The international test season concludes this weekend with a much leaner schedule, only two tests, but what good ones they are. The All Blacks travel to Twickenham looking to tame England, collect a "Grand Slam" and claim the prize of the inaugural Hillary Shield.

Same tee-off time, the Wallabies tackle Wales hoping to keep a perfect 20-nil record of SH teams versus NH teams this season:

Welsh carry the hopes of a hemisphere

Greg Growden in Cardiff
November 28, 2008

WALES are the only side left that can redeem northern hemisphere rugby, with the Tri Nations tourists having been all-conquering so far - and the Wallabies are on red alert.

In the 18 matches involving the leading teams of the two hemispheres over the past year, the victory tally stands at 18-0 to the SANZAR sides over the Six Nations outfits. [...]

That does not hide the fact the northern hemisphere teams are a long way behind their southern counterparts - as shown by the International Rugby Board rankings, which have New Zealand, South Africa and Australia holding the top three spots, followed by Argentina. England sit fifth, followed by Wales, France, Ireland and Scotland.

Even more revealing were statistics published in The Guardian this week. Rugby writer Paul Rees reported that since the game turned professional, the Six Nations teams' success rate against Australia, South Africa and New Zealand had declined substantially.

In the amateur era, the success rate was 28.9 per cent. In the professional era, despite England's 12 victories over the southern powers from 2000 to 2003, it has been 19.3 per cent.
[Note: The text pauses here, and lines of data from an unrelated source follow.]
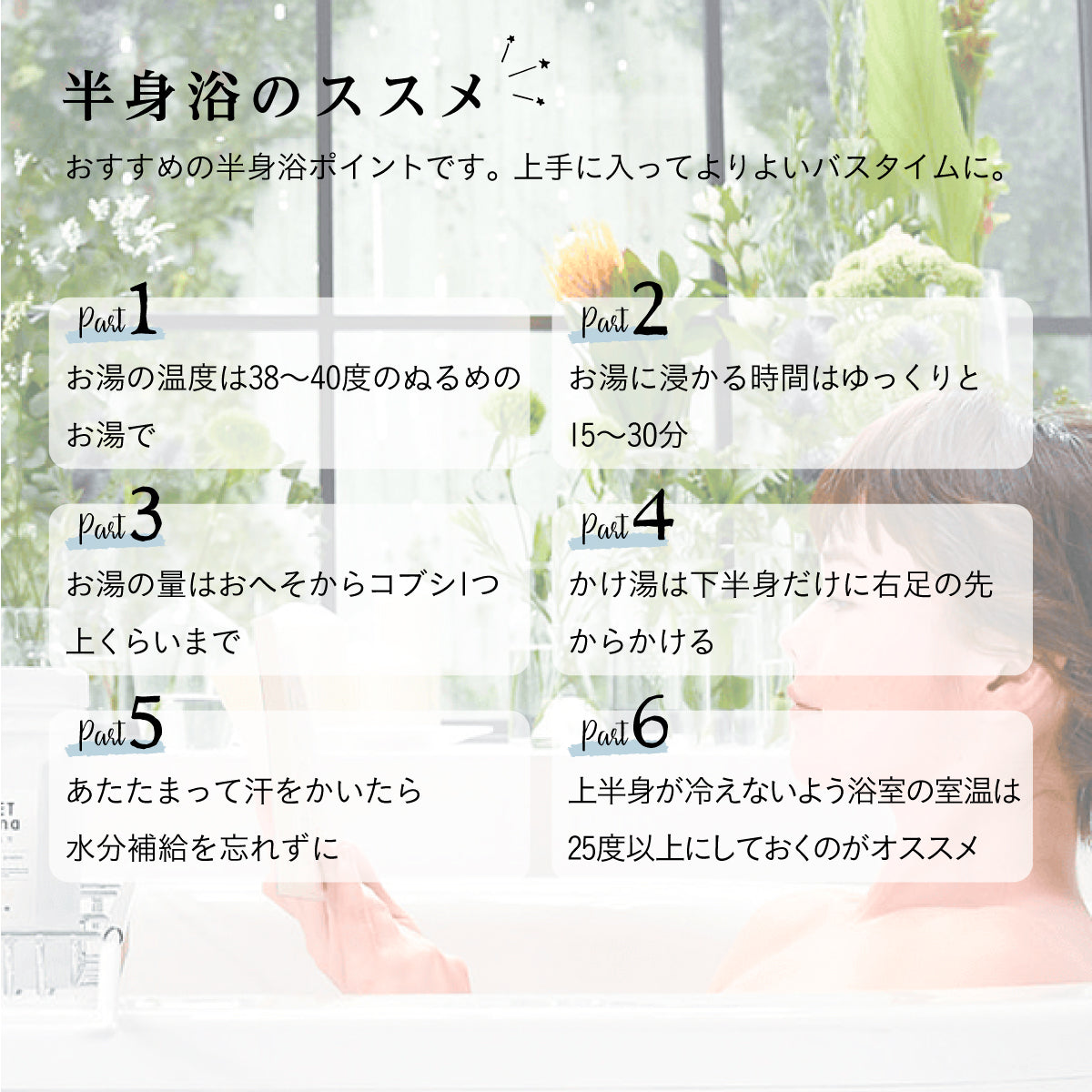 Reset Aroma 入浴剤 生姜+柚ブレンド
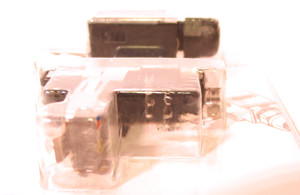 Industrial Ethernet Connector Stecker 4-polig geschirmt PN 1903526-1 AMP Tyco OVP - Menge wählbar Bild 3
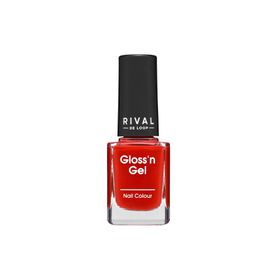 Rival de Loop No.17 10.5 ml Gloss'n Gel Oje
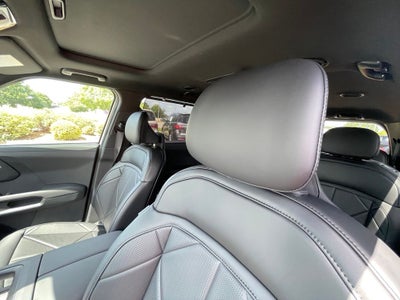 2027 Kia Telluride EX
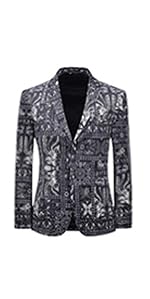 jacket floral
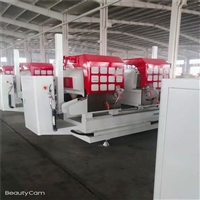 山西断桥铝门窗设备价格 天马断桥铝设备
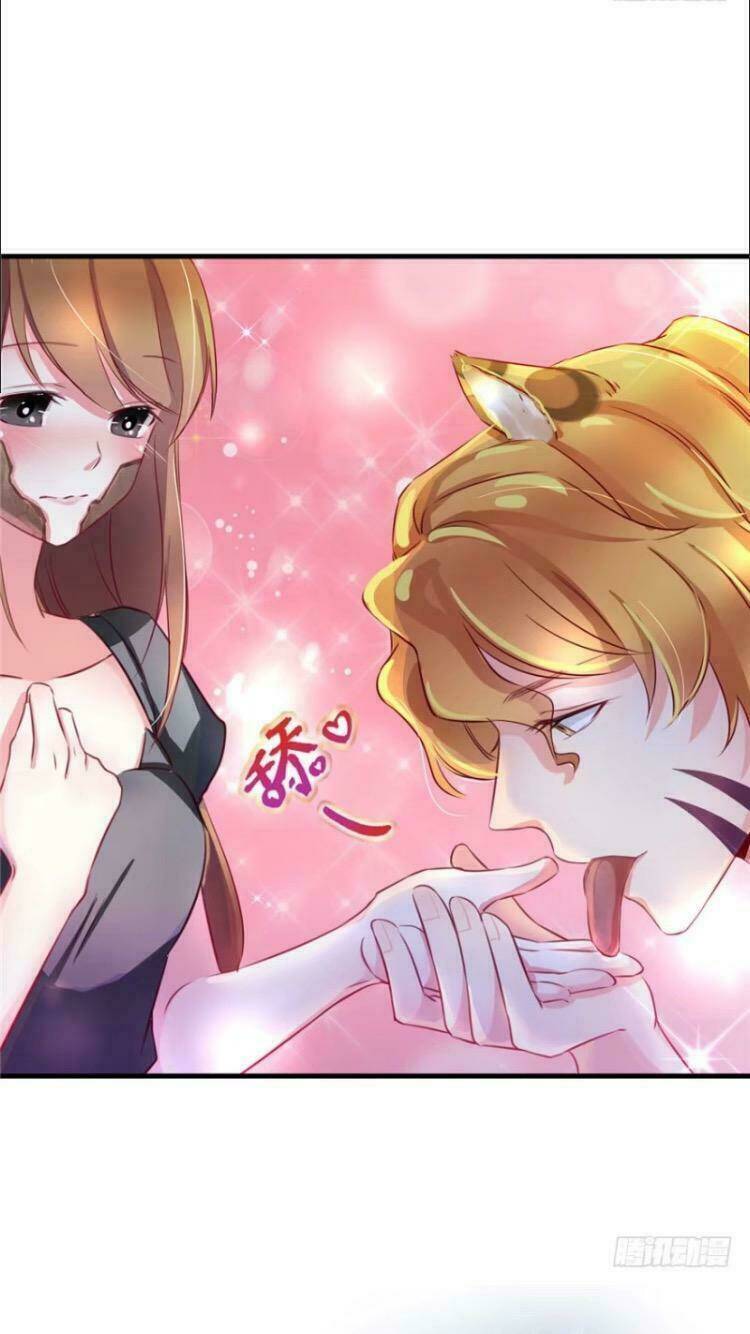 Thảnh Thơi Thú Thế Chủng Chủng Điền, Sinh Sinh Tể: Chapter 7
England's success rate since the advent of professionalism in 1995 has gone from 31.6 per cent to 36.7, but the Celtic nations have dropped right off. During the amateur era, they boasted a 25.4 per cent success rate. Since 1995, they have only won seven and drawn one, while suffering 84 losses to the SANZAR teams, for a success rate of 8.2 per cent.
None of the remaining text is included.